WORK INSTRUCTIONS: Leaving the pictures aside, repeat each line below exactly.

[Opening INFORMATION SUPPLIED section]

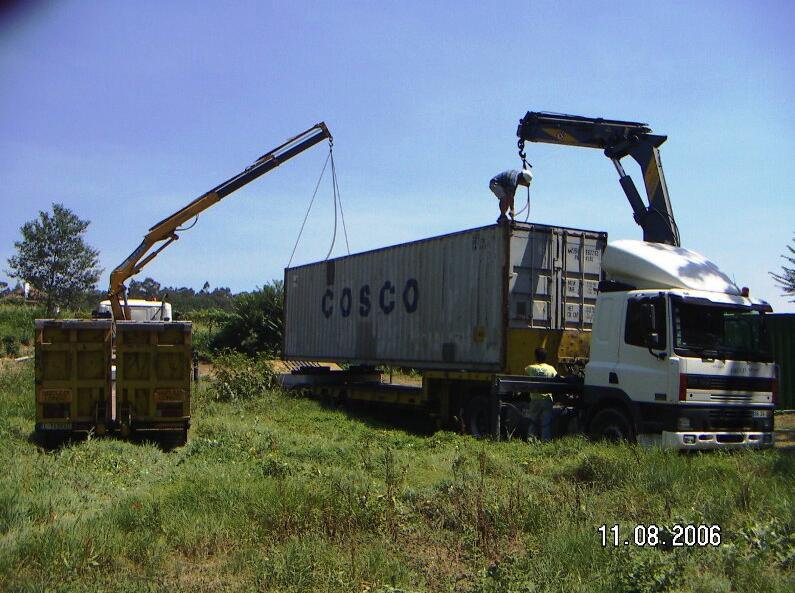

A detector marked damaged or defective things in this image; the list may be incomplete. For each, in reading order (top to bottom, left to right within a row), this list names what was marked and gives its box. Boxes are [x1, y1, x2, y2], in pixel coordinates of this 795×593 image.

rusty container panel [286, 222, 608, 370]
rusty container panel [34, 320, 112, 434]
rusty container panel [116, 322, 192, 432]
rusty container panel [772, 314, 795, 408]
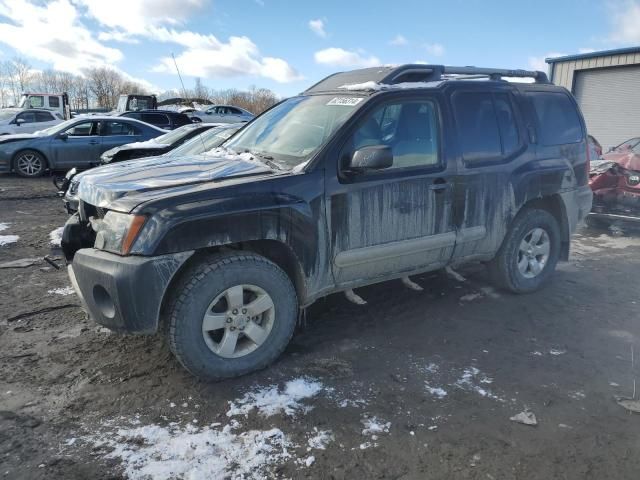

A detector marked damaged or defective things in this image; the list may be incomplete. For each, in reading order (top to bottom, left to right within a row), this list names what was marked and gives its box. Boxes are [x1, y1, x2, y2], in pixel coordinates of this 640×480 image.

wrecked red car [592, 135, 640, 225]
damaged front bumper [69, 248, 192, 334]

[Closing INFORMATION SUPPLIED section]

RESPONSE AREA:
A detector marked damaged or defective things in this image; the list may be incomplete. For each, in reading order (top to bottom, left to right within a row), this list names what was marked and gives its box. Boxes are [x1, y1, x2, y2], in pixel coordinates of this 795×593 image.

rusty container panel [286, 222, 608, 370]
rusty container panel [34, 320, 112, 434]
rusty container panel [116, 322, 192, 432]
rusty container panel [772, 314, 795, 408]

A detector marked damaged or defective things in this image; the list may be incomplete. For each, in reading order (top to bottom, left to right within a row), this list names what was marked and gives its box. Boxes are [x1, y1, x2, y2], in pixel coordinates of this 640×480 image.

wrecked red car [592, 135, 640, 225]
damaged front bumper [69, 248, 192, 334]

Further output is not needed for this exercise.